Ghare Baire is a grand exposition of Bengal art being held in Currency Building in BBD Bag. It celebrates the glorious history of visual arts in this region of eastern India. It gently unfolds before one’s eyes as one perambulates through the galleries on the three floors where over 800 works are displayed. One can even go so far as to say that this is one of the best things that has happened in years in Calcutta’s stultified cultural space if one can forget the prime minister’s self-appointment as the head honcho of Bengal’s culture in his inaugural speech on January 11, and the mangled Bengali text accompanying the exhibits, that has since been rectified.

The massive project has been handled and financed by the Delhi Art Gallery. The National Gallery of Modern Art collaborated with it. Most of the art work came from DAG’s collection. The magnificent Currency Building constructed in 1868 has been restored by the Archaeological Survey of India. Ghare Baire is closed now, but according to a DAG statement, “As per our ongoing plans and talks with the Ministry of Culture, Ghare-Baire... is planned to be extended by a year, and that will be confirmed once we emerge from the current lockdown, by mid-April.” The introduction of the catalogue by Ashish Anand, CEO and managing director, DAG, drops a clanger. Rabindranath is referred to as thakurda. Hope that will be taken care of.

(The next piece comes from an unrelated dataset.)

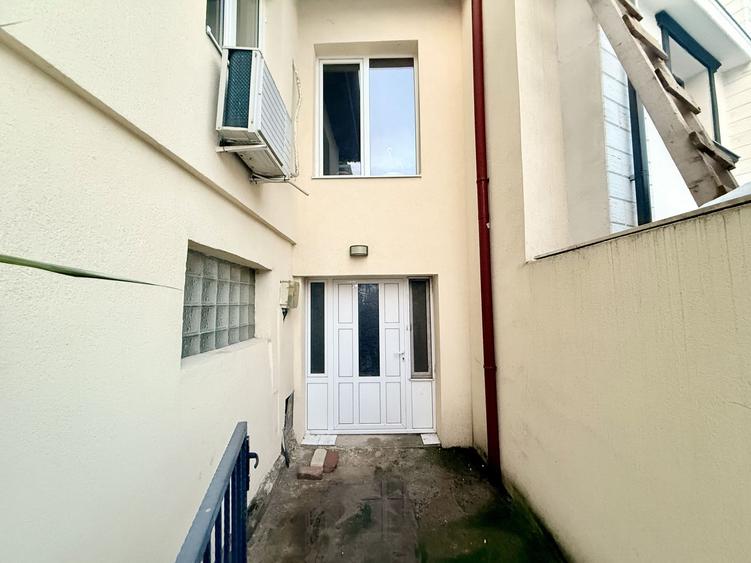 APARTAMENT 67 mp UTILI , 3 CAMERE DECOMANDATE -ZONA CENTRALA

The exhibition begins with Frans Balthazar Solvyns’ prints of life in 18th century Calcutta hung along the staircase that leads to the first floor galleries with views of Calcutta by the Daniells, Henry Salt, and of Chittagong by James George. This is supplemented by other relevant material like maps and contemporary books. It is obvious that this is backed by solid research. This is the kind of museum that Calcutta needs to showcase Bengal as the crucible of Indian modernism.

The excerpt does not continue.